Normandy Clos

By+Kathe Brunton

Normandy Clos: The Legacy Lives On


In the 1930s, Dr. F.W. Carter “had a mind to build a house.” But he didn’t. Build just a house, that is. Rather, he built a legacy.

Tucked away in the middle of South Bend, a stone’s throw from Potawatomi Park, a couple of secluded acres make you forget you’re at the 41st parallel in northern Indiana. A few steps onto the grounds of Normandy Clos and you sense you’ve entered the medieval world of northern France.

Jim and Karen Gleason are the current “caretakers” of this historic home on Jefferson Boulevard built by Dr. Carter and his wife Josephine. The Gleasons have owned the home for 33 years, but it had been on their mind—and in their sights—long before the purchase.

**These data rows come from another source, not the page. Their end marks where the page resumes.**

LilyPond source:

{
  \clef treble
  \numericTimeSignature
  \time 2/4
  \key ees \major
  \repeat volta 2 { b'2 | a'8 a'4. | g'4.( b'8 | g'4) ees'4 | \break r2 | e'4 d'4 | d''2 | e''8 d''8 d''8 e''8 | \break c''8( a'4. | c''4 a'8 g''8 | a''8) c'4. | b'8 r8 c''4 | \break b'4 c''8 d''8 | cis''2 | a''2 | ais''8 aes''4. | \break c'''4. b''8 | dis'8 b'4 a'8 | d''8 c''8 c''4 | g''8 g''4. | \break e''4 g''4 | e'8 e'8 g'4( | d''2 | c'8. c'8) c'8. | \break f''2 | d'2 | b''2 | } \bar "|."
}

“I was a graduate student at Notre Dame,” Jim explains. “Karen and I were driving around and we just happened to see a house that caught our eye. We liked its style and wanted a closer look.”

A bit of subterfuge enabled that desire. Noticing a neighbor in the next yard over, Jim and Karen stopped to compliment her on her flowers. The neighbor was thrilled and didn’t hesitate when the couple asked if they could look at the garden in her backyard. While there, they surreptitiously peeked over the fence and got a glimpse of what would become their future home.

What they saw astounded them. The house, as they already knew, was captivating. But contained within the backyard were three similarly designed structures. One appeared to be a small medieval tower. Another ivy-covered stone building, they later learned, was a studio with beautiful leaded glass windows. And the third was a quaint guest house with a terrace. Intertwined throughout were pathways and gardens and statues and fountains and an armillary and shrubs and a brook, all bordered to the rear by a fragrant pine forest that provided a visual break between Normandy Clos, as Dr. Carter named the property, and the Grand Trunk Railroad tracks.

The Early Years


For many years, Dr. Carter served South Bend as the top officer of the Board of Health. He had a thriving private practice and was known nationally in the field of public health. But it was early in his career when he purchased the two-acre lot. At that time, in the 1930s, the property was flat farmland. Dr. Carter spent the next several years gradually contouring the land with huge boulders, paving blocks, berms and swells, and planting a variety of trees and flowers along the way. At one point, he laid a garden hose on the ground, turned it on and watched where the water flowed. This natural course he turned into a babbling brook that graces the property with its song and spirit.

By the time the Carters began construction in 1942, the lot was appealing to the eye. Except, of course, for a huge hole dug where the house would be built.

Enamored of the Normandy style of architecture, Dr. and Mrs. Carter envisioned a two-story structure with exposed beams, stucco or stone walls, and a high-pitched slate roof. They had, in fact, traveled a time or two to Normandy, a province in northern France.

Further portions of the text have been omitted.